(About this exercise)
Repeat the listing below exactly. Pictures do not belong in the copy.

*** Opening of Data shown ***

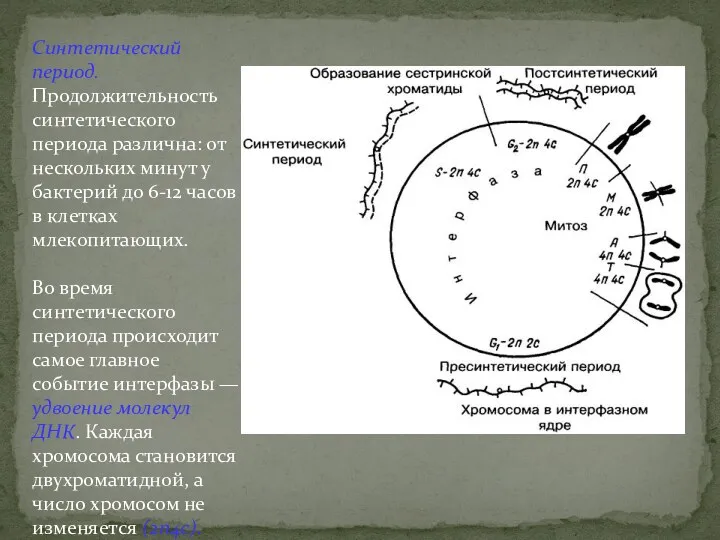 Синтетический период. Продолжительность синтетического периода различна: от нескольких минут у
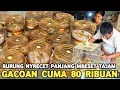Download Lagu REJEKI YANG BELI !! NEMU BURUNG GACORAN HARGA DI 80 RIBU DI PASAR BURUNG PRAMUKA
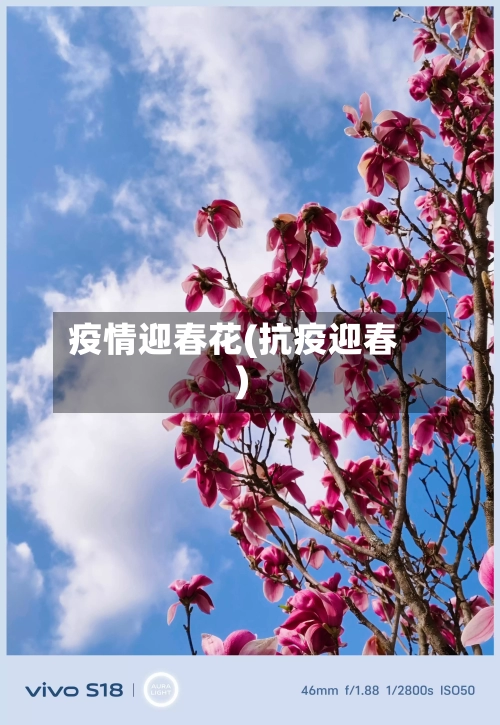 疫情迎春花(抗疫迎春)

*** Close of Data shown ***

(Output of the task)
 Синтетический период. Продолжительность синтетического периода различна: от нескольких минут у
Download Lagu REJEKI YANG BELI !! NEMU BURUNG GACORAN HARGA DI 80 RIBU DI PASAR BURUNG PRAMUKA
 疫情迎春花(抗疫迎春)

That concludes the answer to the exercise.